John's reassurances stilled Ian's fears.
The still of the afternoon was broken by a loud bang.
It's 10 PM and I'm still working!
This government has achieved many things, but we must still do more.

 

Words often used with still
 
But still is a common expression that means even so and it is used when there is a contradiction. This can be used in the middle of the sentence or is sometimes used on its own. For example, "I love my husband, but still, I'm worried about my marriage." When used on its own, but still implies that there are still concerns, despite the previous sentence. So for this example, we could also say, "I love my husband. But still…." If you hear this, you can assume the speaker is worried about her husband, even though she doesn't say it explicitly.
 
Additional information
 
Still is also a conjunction that means 'but yet' or 'nevertheless.' Example: "With twenty minutes to go, the team knew they had lost the game; still they kept on playing to the end."
 
Did you know?
 
Still water is not carbonated. In the US and UK, this is what people drink most of the time, and if you ask for water, everyone will assume that you want still water. The opposite is sparkling water. Though it is very normal to drink sparkling water in many countries, in the US, many people are not used to drinking it and fewer people like it there than in Europe.
 
Other forms
 
stillness (noun)
 
Origin
 
Still dates back to before the year 900. The adjective and adverb were used in Middle English, still(e), and before then in Old English, stille.

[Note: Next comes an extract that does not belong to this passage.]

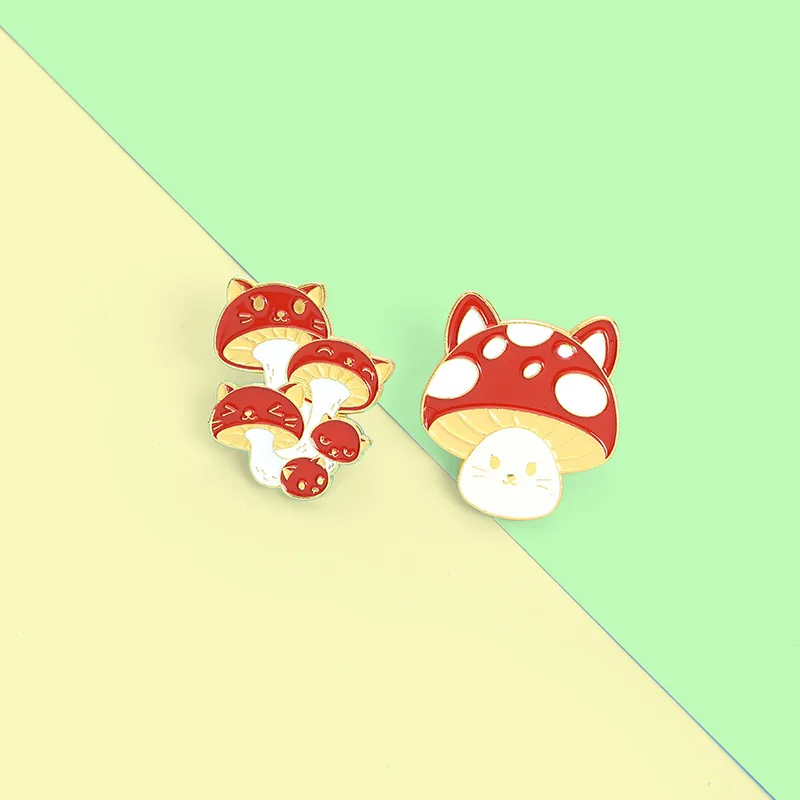 Cat Face Mushroom Enamel Pin Custom Animal Plant Brooch Bag Clothes Lapel Pin Badge Cartoon Jewelry Gift for Kids Friends
Cat Face Mushroom Enamel Pin Custom Animal Plant Brooch Bag Clothes Lapel Pin Badge Cartoon Jewelry Gift for Kids Friends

Its use as a noun first appeared in Middle English around the year 1200, meaning 'a calm,' and came from the adjective. Its meaning expanded to quietness around the year 1600. Of course, the meaning of 'a photograph' appeared much later, in 1916, after the invention of film made a distinction necessary in some cases. The verb probably also came from the adjective, but has been around just as long. The Old English stillan gave way to the Middle English styllen, leaving us with the version we use today. It is related to the German adjective still and verb stillen, as well as the Dutch adjective and adverb stil and verb stillen.